Tudo se apertava e apartava com o pragmatismo e aceleração do tempo de todos, com desencontros e dúvidas, insultos e contra-informação. O ponto central era a garantia e busca desenfreada para que a certidão de nascimento do Brasil não fosse uma mera figura decorativa ou ficasse congelada no Congresso, pois isso, aconteceu com os preços para impedir a inflação, o dragão indomável.
No ano de 1987 Milton Santos lança a primeira edição do livro O Espaço do Cidadão, guia da minha percepção jurídica e acalento para o atual momento: “Promulgada a lei, o discurso da cidadania todavia continua, no objetivo de alargar as conquistas. A lei não esgota o direito. A lei é apenas o direito positivo, fruto de um equílibrio de interesses e de poder. Daí ser legítima a procura de um novo equilíbrio, isto é, de um novo direito. A luta pela cidadania não se esgota na confecção de uma lei ou da Constituição porque a lei é apenas uma concreção, um momento finito de um debate filosófico sempre inacabado. Assim como o indivíduo deve estar sempre vigiando a si mesmo para não se enredar pela alienação circundante, assim como o cidadão, a partir das conquistas obtidas, tem de permanecer alerta para garantir sua ampla cidadania.”
Sequer vou falar do processo eleitoral de 1989 e os desdobramentos posteriores até o Governo Lula II. Ao saber da nova promulgação e redação do PNDH 3 durante esta semana em 2010, resolvi retornar aos idos do período da Constituição para compreender melhor que estávamos diante da mesma fotografia, agora em uma máquina digital, mais nítida e com recursos para ampliação, coloração e efeitos.Não dominamos nada, apenas melhoramos a técnica fotográfica ou apenas trocamos de aparelho tecnológico?
Aprendemos muito nos últimos anos e semanas – não é por acaso que o STF não modificou a Lei de Anistia e pode retroceder na questão dos direitos quilombolas a qualquer momento – pois cedem aos interesses daqueles que não querem participar do jogo, da democracia pensada e em construção desde 1988. Esses que manipulam o uso do poder ainda jogam da mesma forma que coronéis e truculentos militares se organizaram para dominar setores do Estado. Utilizam bravatas, guerra de bastidores políticos, manipulam e são dirigentes da mesma mídia que não sabe a diferença entre informar e comunicar (ou sabe muito bem).
Sigo com Milton Santos – nome de craque de bola em mais um ano de Copa sem craques na seleção da CBF/Nestlé/Nike. Para esse negro brasileiro, o homem moderno é talvez mais desamparado que os seus antepassados, pelo fato de viver em uma sociedade informacional que, entretanto, lhe recusa o direito a informar.
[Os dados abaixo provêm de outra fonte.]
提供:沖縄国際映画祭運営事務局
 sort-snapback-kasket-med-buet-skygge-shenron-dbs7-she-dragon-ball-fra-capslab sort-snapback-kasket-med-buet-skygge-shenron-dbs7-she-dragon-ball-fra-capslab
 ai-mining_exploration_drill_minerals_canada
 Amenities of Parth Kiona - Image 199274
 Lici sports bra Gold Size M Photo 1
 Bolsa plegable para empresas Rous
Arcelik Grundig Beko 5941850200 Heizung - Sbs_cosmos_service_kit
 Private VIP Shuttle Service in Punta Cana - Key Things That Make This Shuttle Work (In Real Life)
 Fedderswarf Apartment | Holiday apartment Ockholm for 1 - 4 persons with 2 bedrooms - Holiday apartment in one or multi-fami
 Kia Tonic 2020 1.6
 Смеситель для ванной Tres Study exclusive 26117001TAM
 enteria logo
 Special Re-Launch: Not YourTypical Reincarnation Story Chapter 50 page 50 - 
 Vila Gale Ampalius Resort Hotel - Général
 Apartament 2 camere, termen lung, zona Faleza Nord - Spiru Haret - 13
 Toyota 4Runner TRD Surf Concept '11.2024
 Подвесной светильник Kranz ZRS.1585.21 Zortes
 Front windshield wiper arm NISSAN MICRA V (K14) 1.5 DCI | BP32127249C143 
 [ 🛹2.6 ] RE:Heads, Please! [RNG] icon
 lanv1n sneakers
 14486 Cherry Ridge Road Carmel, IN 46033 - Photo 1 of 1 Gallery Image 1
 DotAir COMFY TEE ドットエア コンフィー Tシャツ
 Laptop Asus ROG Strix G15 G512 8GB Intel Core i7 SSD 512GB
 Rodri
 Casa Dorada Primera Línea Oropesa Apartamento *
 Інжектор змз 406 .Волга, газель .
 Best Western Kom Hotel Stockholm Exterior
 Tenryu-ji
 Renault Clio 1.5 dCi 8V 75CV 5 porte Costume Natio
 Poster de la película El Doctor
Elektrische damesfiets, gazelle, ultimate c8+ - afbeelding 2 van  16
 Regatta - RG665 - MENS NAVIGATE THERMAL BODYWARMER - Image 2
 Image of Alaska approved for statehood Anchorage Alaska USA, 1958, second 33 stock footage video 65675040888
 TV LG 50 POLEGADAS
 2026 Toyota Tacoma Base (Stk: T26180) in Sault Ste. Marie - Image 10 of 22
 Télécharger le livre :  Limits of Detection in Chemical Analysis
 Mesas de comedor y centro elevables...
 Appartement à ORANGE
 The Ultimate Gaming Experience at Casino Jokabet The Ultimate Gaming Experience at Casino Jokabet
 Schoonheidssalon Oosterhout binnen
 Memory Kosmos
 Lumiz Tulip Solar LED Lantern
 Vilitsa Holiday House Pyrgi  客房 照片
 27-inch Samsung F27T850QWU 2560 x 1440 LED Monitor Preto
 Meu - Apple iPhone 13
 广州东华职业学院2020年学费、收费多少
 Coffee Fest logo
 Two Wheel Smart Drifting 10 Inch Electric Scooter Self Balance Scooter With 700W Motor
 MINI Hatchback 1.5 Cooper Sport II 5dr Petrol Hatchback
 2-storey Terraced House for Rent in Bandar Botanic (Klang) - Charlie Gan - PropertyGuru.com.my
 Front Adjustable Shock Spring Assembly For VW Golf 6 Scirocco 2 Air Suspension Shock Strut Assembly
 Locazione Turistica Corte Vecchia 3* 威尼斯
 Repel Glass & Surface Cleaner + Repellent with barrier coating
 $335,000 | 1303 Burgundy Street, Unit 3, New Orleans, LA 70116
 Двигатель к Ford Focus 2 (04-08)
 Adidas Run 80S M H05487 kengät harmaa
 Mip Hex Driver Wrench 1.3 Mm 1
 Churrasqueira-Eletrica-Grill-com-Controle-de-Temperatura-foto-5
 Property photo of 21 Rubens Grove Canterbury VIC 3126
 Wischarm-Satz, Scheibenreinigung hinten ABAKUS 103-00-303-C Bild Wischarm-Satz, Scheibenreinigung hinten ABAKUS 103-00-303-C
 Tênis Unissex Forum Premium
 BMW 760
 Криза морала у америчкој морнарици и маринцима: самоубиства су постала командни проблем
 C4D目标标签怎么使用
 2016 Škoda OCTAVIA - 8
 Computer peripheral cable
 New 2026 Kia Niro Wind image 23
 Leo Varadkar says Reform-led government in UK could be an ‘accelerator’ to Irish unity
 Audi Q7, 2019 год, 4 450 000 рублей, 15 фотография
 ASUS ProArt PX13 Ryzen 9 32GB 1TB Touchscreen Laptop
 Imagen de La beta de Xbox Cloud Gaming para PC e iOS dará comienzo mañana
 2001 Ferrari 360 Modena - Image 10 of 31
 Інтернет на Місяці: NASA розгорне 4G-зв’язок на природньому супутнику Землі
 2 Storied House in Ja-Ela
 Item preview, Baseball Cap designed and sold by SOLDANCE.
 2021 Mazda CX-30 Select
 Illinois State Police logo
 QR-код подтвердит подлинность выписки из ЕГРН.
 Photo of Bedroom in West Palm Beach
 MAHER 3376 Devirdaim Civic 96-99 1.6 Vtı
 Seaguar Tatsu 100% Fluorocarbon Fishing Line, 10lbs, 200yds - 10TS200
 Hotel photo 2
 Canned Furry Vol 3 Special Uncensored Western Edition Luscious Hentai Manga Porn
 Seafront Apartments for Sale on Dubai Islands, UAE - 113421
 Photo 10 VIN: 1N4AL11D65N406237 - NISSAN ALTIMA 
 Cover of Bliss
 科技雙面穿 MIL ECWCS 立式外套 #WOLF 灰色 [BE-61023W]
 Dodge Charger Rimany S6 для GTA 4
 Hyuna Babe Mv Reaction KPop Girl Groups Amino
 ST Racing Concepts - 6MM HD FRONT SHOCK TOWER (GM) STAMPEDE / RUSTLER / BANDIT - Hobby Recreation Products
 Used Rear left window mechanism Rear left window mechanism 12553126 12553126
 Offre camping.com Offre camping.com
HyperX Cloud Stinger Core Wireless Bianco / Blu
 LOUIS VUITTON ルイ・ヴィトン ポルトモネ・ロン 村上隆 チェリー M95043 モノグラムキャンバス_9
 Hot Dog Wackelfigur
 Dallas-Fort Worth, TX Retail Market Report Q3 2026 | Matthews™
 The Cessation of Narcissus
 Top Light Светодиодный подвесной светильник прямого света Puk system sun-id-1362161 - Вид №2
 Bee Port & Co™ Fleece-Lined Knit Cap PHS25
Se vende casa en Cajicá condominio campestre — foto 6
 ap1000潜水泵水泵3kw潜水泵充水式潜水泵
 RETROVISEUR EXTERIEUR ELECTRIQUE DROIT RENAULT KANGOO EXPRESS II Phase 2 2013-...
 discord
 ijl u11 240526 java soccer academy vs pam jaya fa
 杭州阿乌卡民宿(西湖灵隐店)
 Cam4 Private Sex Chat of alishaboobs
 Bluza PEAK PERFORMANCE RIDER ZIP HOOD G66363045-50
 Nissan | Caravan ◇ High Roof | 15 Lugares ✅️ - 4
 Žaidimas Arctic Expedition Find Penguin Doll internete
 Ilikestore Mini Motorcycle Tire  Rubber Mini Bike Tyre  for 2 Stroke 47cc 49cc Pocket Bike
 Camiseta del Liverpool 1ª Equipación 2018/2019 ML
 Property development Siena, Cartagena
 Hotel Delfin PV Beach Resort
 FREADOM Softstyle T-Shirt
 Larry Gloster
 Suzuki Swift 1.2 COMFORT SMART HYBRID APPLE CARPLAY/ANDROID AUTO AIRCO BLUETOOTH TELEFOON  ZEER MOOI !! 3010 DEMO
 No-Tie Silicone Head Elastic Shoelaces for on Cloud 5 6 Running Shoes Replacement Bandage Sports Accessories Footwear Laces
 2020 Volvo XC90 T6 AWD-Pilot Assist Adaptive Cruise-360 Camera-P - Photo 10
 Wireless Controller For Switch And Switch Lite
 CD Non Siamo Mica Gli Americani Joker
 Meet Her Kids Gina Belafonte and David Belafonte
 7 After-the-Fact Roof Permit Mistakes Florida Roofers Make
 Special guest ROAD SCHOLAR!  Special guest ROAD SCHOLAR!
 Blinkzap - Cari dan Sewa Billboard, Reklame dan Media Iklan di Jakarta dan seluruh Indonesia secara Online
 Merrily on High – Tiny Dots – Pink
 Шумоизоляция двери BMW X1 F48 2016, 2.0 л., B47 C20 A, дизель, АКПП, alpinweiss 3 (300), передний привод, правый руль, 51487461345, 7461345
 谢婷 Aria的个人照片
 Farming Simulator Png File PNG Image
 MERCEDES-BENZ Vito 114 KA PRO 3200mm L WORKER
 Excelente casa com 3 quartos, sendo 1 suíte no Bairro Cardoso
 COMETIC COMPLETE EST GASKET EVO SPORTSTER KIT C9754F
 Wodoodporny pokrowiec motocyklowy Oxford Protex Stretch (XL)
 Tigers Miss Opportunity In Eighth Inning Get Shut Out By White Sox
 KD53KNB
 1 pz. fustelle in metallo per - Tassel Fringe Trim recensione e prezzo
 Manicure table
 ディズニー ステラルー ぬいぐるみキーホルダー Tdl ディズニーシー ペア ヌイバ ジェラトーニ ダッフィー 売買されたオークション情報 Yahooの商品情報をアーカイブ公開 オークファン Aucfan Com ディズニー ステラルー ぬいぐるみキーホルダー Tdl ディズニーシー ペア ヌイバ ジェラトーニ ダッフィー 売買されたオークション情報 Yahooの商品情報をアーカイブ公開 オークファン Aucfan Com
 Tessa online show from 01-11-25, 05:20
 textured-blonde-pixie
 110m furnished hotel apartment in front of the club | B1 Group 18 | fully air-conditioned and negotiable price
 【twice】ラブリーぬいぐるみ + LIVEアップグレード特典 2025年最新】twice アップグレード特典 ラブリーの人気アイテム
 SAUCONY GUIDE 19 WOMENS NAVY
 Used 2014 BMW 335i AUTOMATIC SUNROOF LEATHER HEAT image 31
No entanto, permanecem as organizações sociais de defesa e promoção dos direitos humanos. Aperfeiçoamos as idéias e ideais, voltaremos às Conferências, ocuparemos os Conselhos, iremos às ruas, criaremos nossas mídias, fortaleceremos nossa real comunicação, não hesitaremos em denunciar seja aqui, na ONU ou na OEA, nem deixaremos de formar novos “Jasons”. Compreendemos a ampliação em movimento de novas/velhas batalhas que foram/são/serão enfrentadas com sangue e suor pelo sempre jovem Jason nascente, dizendo a todos nós e diante de tantos nós, após mais um golpe: render-se jamais.